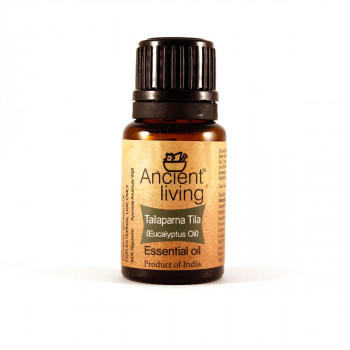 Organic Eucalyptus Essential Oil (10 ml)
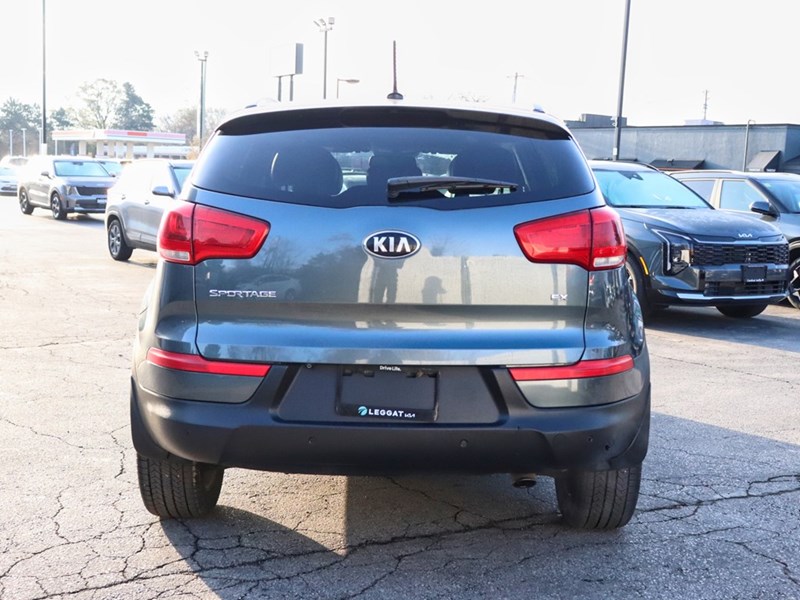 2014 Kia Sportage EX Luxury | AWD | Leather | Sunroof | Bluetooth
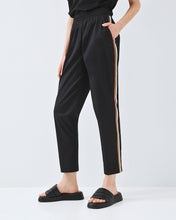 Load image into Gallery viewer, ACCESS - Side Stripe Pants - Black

Work item » Would you write out the data exactly, with no pictures in the copy?

Written solution »
 Organic Eucalyptus Essential Oil (10 ml)
 2014 Kia Sportage EX Luxury | AWD | Leather | Sunroof | Bluetooth
 Load image into Gallery viewer, ACCESS - Side Stripe Pants - Black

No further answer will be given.